─── Excerpted data

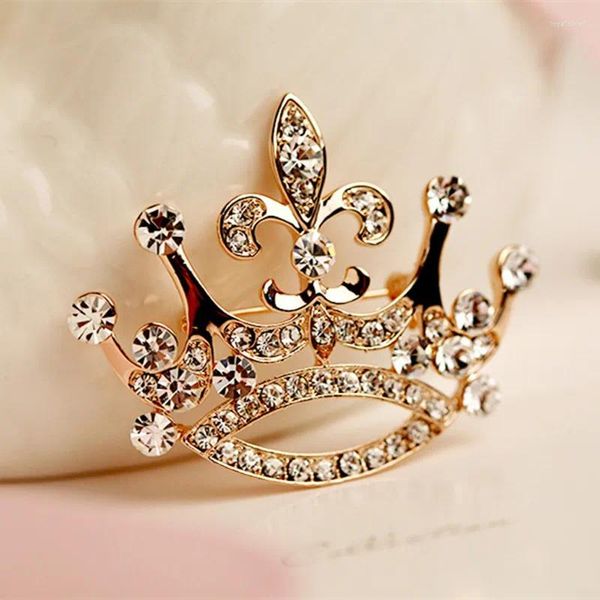 Broches Moda Charm Crystal Crown Broche Retro Big Royal Rhinestones Mujer Joyería Ramillete De Boda Hecho A Mano Buen Regalo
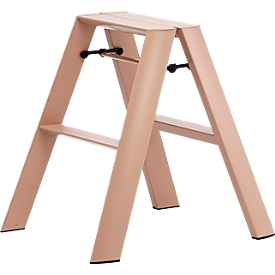 Stehleiter Metaphys Lucano Peach Brown, 2 Stufen, bis 100 kg, zusammenklappbar, B 155 x H 620 mm, Aluminium, braun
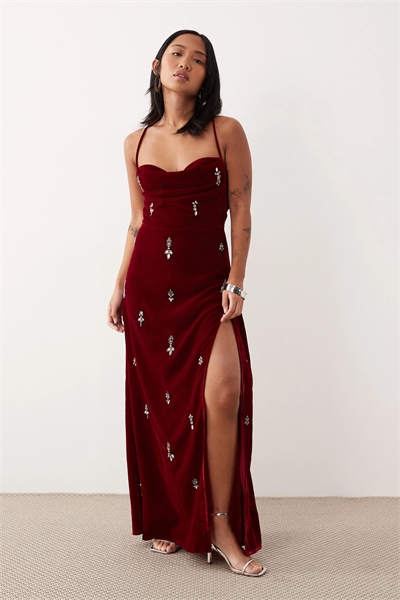 Макси-платье из бархата с капюшоном артикул 149852972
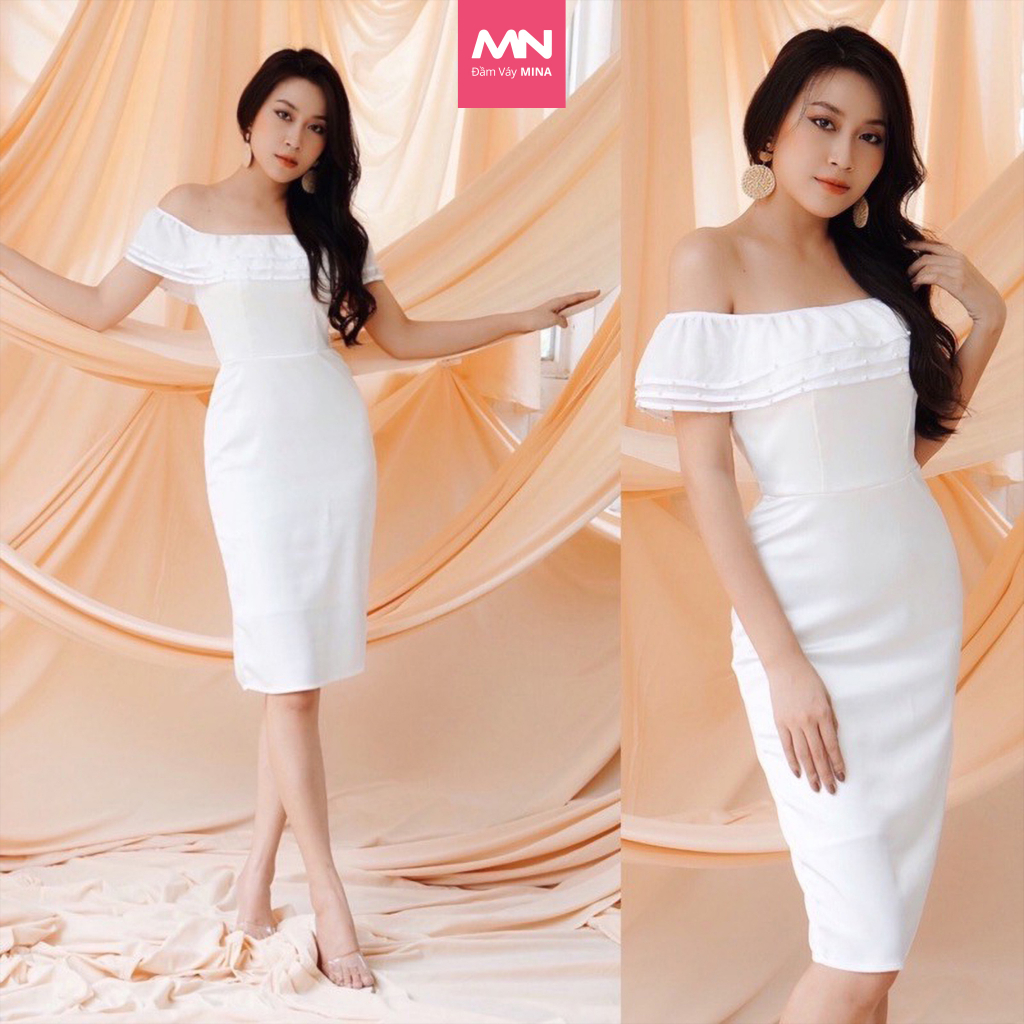 Đầm trắng MINA ôm body midi trễ vai chất liệu phi mờ phối voan tơ sang trọng quyến rũ dự tiệc đi chơi  MN37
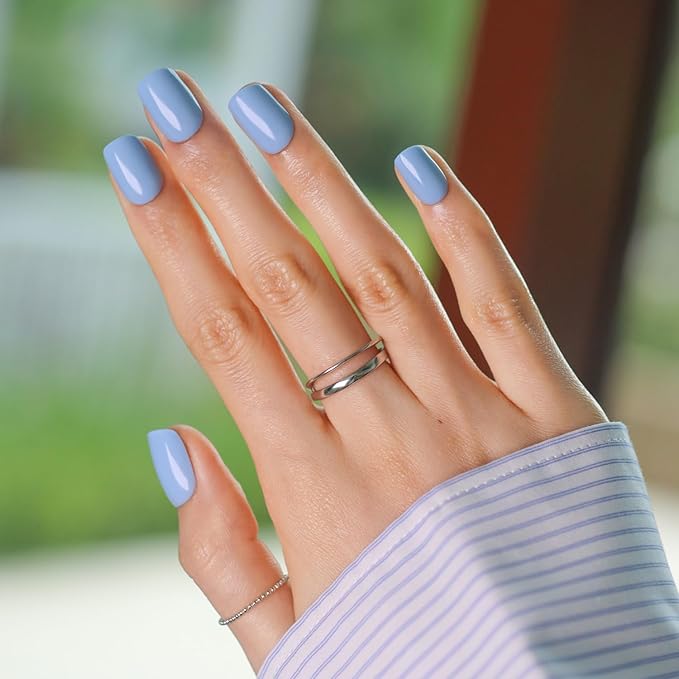 LAMIMOSA 32Pcs Muted Blue Press On Nails Short Square - Dusty Blue Nail Kit, Soft Gel Fake Nails in 16 Sizes, Reusable Glue on Nails, CELESTE
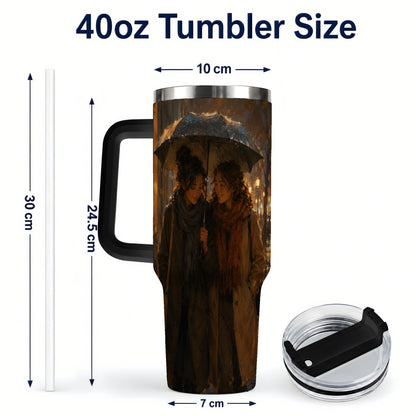 #pl[40oz|Black] Rainy Friendship Walk 40oz Tumbler with Handle, Umbrella City Night Art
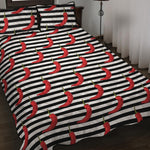 Black And White Striped Chili Print Quilt Bed Set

──────

All that is wanted is the run of lines from the start of the material through the line that holds "Макси-платье из бархата", retyped exactly, with no pictures.

 Broches Moda Charm Crystal Crown Broche Retro Big Royal Rhinestones Mujer Joyería Ramillete De Boda Hecho A Mano Buen Regalo
 Stehleiter Metaphys Lucano Peach Brown, 2 Stufen, bis 100 kg, zusammenklappbar, B 155 x H 620 mm, Aluminium, braun
 Макси-платье из бархата с капюшоном артикул 149852972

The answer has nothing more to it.